For dessert they had a selection of rather interesting ice creams. Black sesame seed ice cream, green tea ice cream and wasabi ice cream. I'd had green tea ice cream before so I thought that I'd try something new being the adventurous person that I am. I asked what wasabi was and our server said she couldn't describe it for us in English but that it was nice and not too sweet. I decided to give it a go. This massive dish of yellowish ice cream came out and I took a good size spoonful and tasted it. It was DISGUSTING! It tasted like horseradish. Not too sweet was an understatement. It burned up my nose!! Everyone else gave it a try and the combination we came up with was English mustard and horseradish. I ended up having the green tea ice cream instead.

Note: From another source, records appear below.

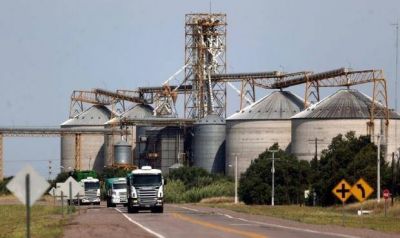 Acopiadores de cereales advierten las consecuencias de los impuestos a la exportaci�n en el Presupuesto 2019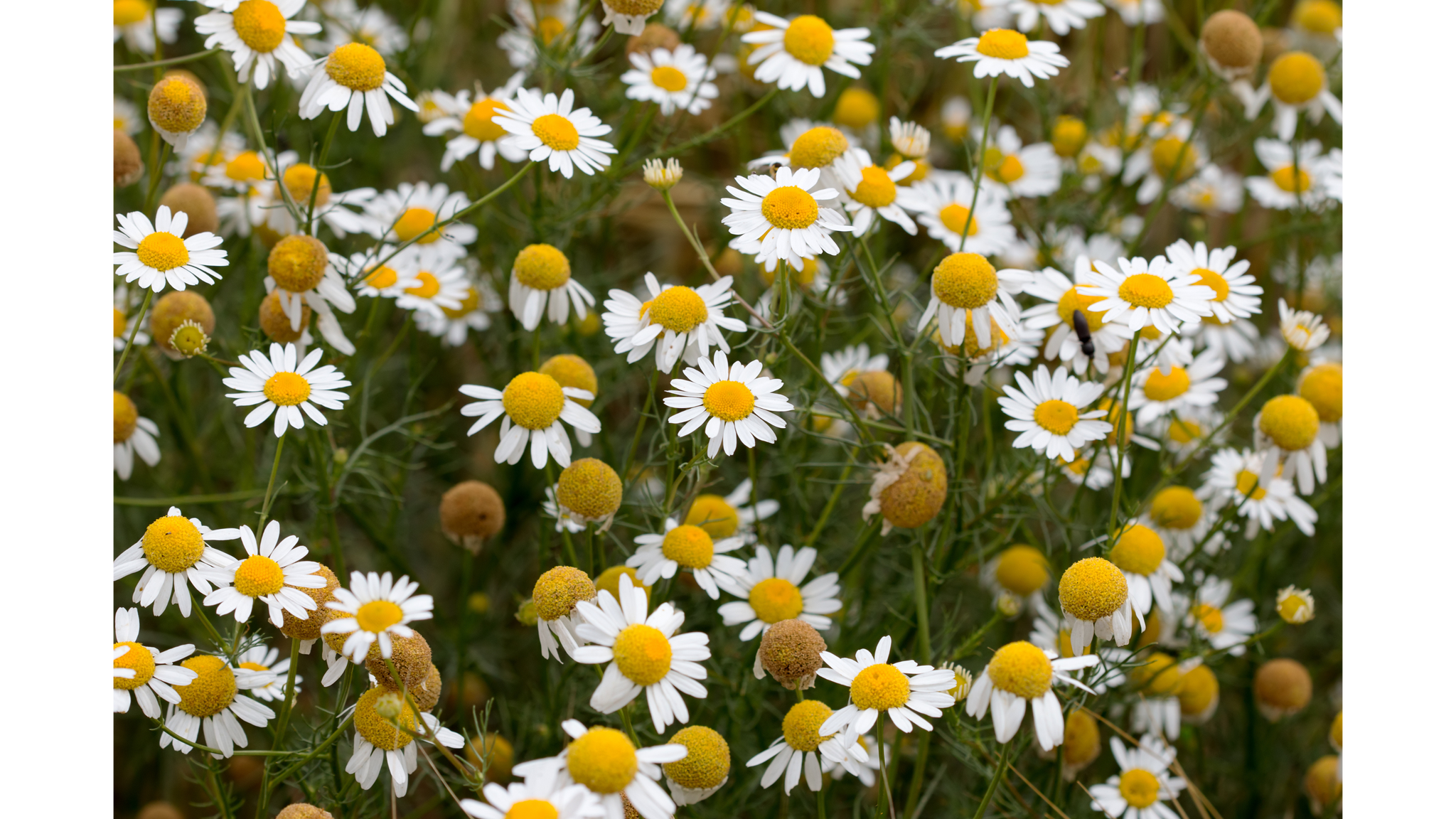 
                  
                    Field of camomille relcha tea
                  
                
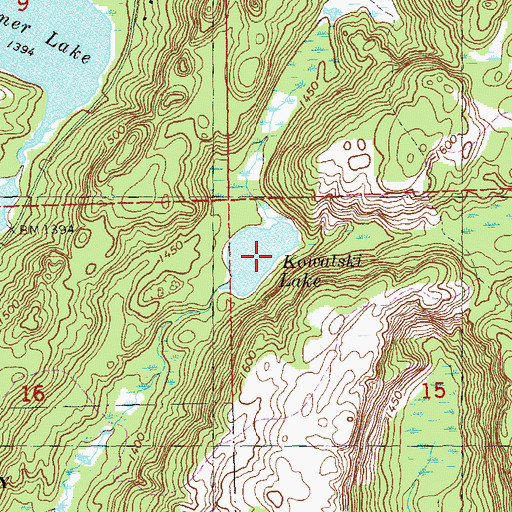 Topographic Map of Kowalski Lake, MN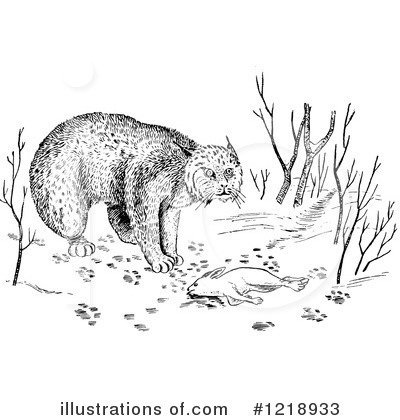 Royalty-Free (RF) Wildcat Clipart Illustration by Picsburg - Stock Sample #1218933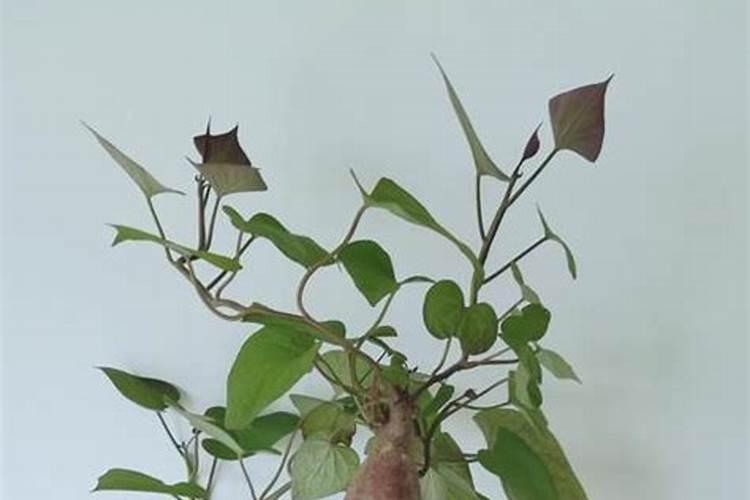红薯叶能水培吗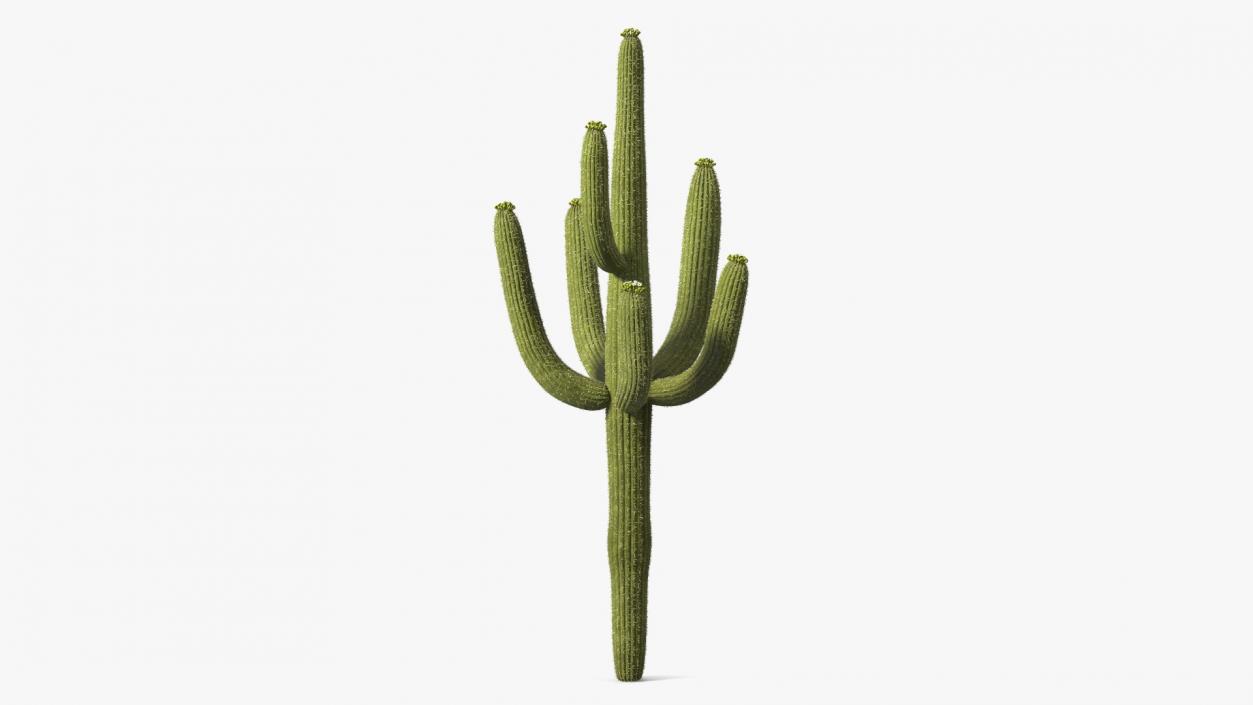 3D Mexican Cactuses Fur Collection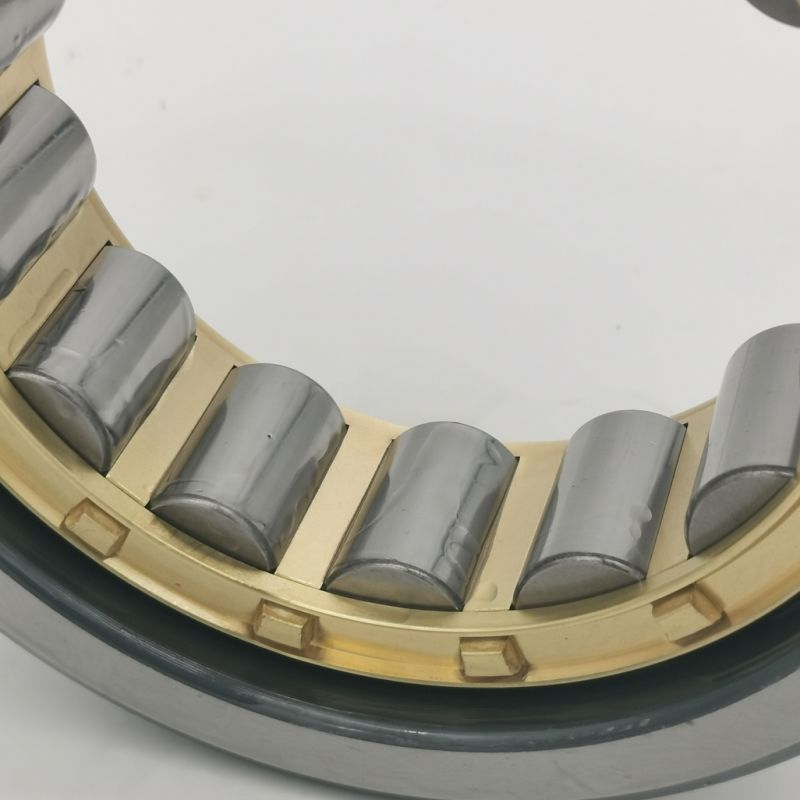 Nu 304 Ecp Cylindrical Roller Bearing Pharmaceutical Machinery Bearing Bearing Electrical Machinery Bearing Bearing Power Machinery Bearing Bearing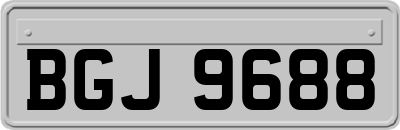 BGJ9688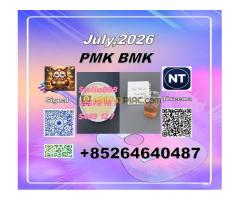 USD/KG CAS: 5449-12-7 BMK Glycidic Acid (sodium salt) - Kép 5/6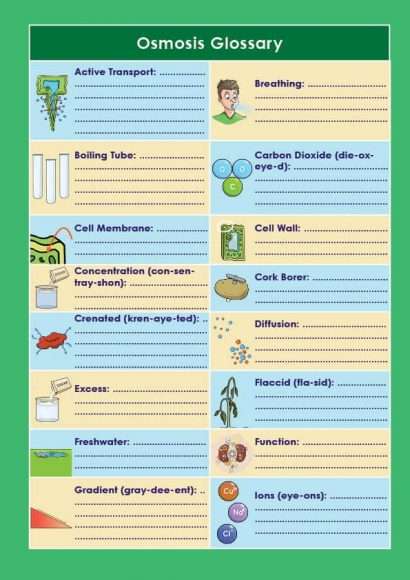 GCSE/KS4 Biology: Osmosis
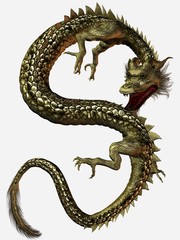 Fototapeta premium eastern dragon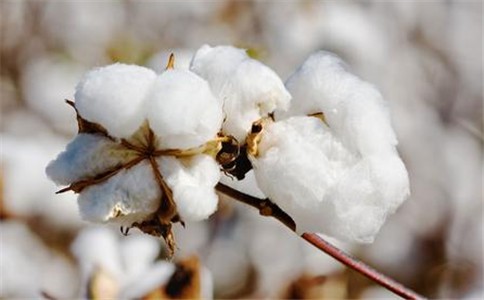 多数棉农将逐渐减缓惜售心态，随行就市销售籽棉，但籽棉价格回落已成定局。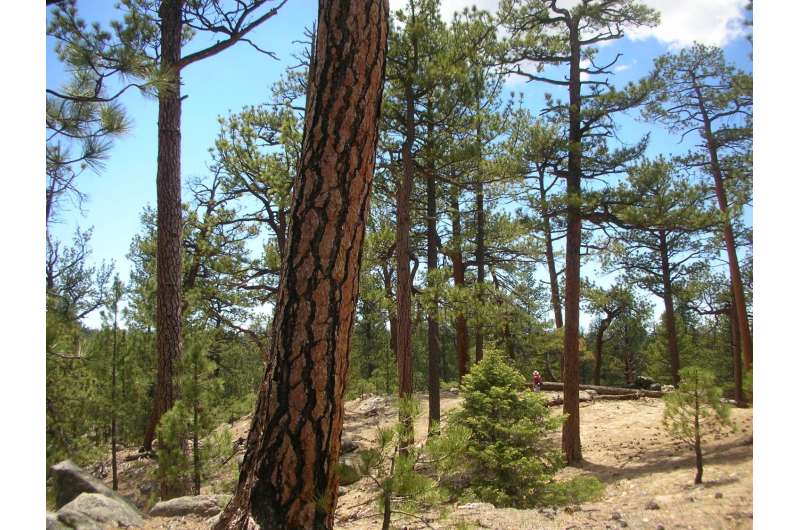 Study refutes findings behind challenge to Sierra Nevada forest restoration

When we got back home Heather and I looked up wasabi on google and found that it is one of the hardest plants to grow. It is a plant used to spice asian foods and has a very distinct flavour. Because it is so hard to grow, many people have started substituting horseradish and mustard because they are very similar in flavour. We hit the nail on the head with our descriptions of it! Not something I'll be ordering again!

Tuesday, July 18, 2006

A Tale of Technical Difficulties

So after a very long delay, about 42 hours to be exact, I have finally made it home to Canada. What an incredible crazy last two days! I had no idea that a simple flight home was going to turn into the longest delay I have ever experienced flying. I thought I had a bad job of it when I flew home in December with Air France. This one is definitely the new champion.

Stephen and I had no idea what we were in for when we once again started the trek to Glasgow with Steve and Heather. After they dropped us off we made our way through security and proceeded to our gate. We settled down and waited for our flight. Soon enough we were boarded onto the plane belted up and ready to go. The engines were running and it looked like everything was going to proceed as normal when suddenly the engines were turned off and our ears were greeted with an announcement from the Captain:

“Ladies and gentlemen, this is your flight captain speaking, I’m afraid that there will be a slight delay in taking off but we hope to be with you shortly and up and running within 10 minutes or so”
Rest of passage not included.